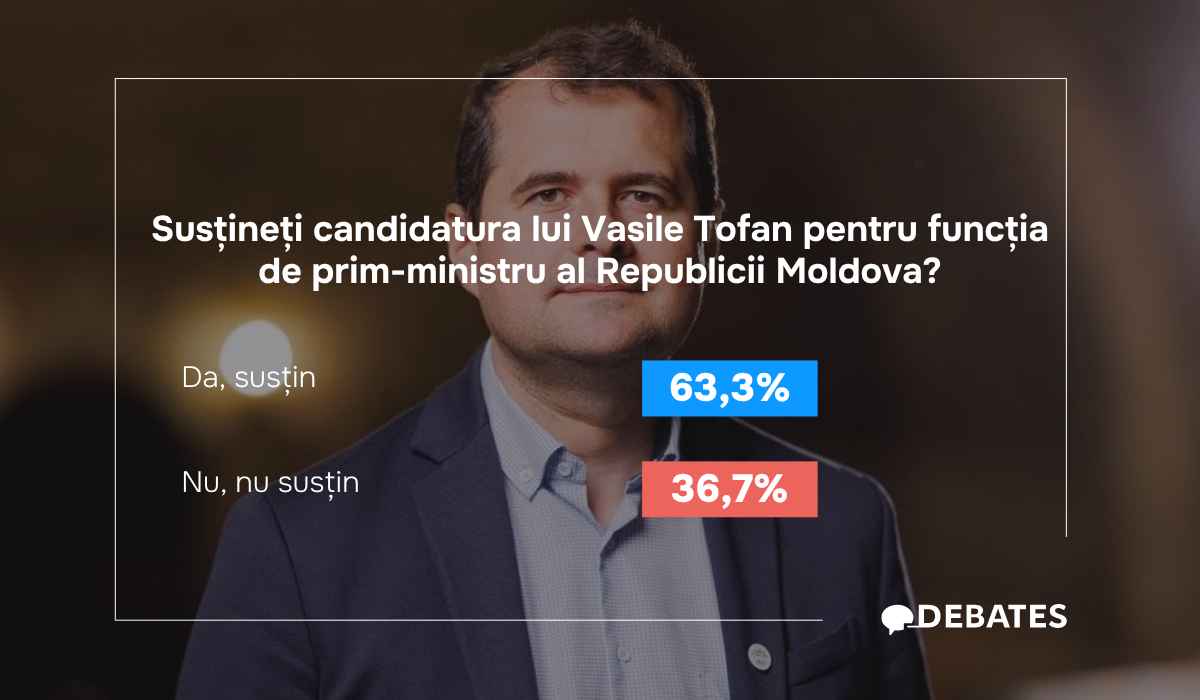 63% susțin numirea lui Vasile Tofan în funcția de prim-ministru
---
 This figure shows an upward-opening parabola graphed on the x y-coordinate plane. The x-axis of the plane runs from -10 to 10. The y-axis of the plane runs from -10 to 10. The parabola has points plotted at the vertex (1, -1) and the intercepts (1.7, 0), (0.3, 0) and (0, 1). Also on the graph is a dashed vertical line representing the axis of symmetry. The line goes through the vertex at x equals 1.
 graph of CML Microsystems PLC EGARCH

- _BRIEF_
Set down, exactly as they stand above, the lines starting with the line with "This figure shows" and going on through the line with "graph of CML Microsystems PLC EGARCH", and no others.

- _WRITTEN SOLUTION_
 This figure shows an upward-opening parabola graphed on the x y-coordinate plane. The x-axis of the plane runs from -10 to 10. The y-axis of the plane runs from -10 to 10. The parabola has points plotted at the vertex (1, -1) and the intercepts (1.7, 0), (0.3, 0) and (0, 1). Also on the graph is a dashed vertical line representing the axis of symmetry. The line goes through the vertex at x equals 1.
 graph of CML Microsystems PLC EGARCH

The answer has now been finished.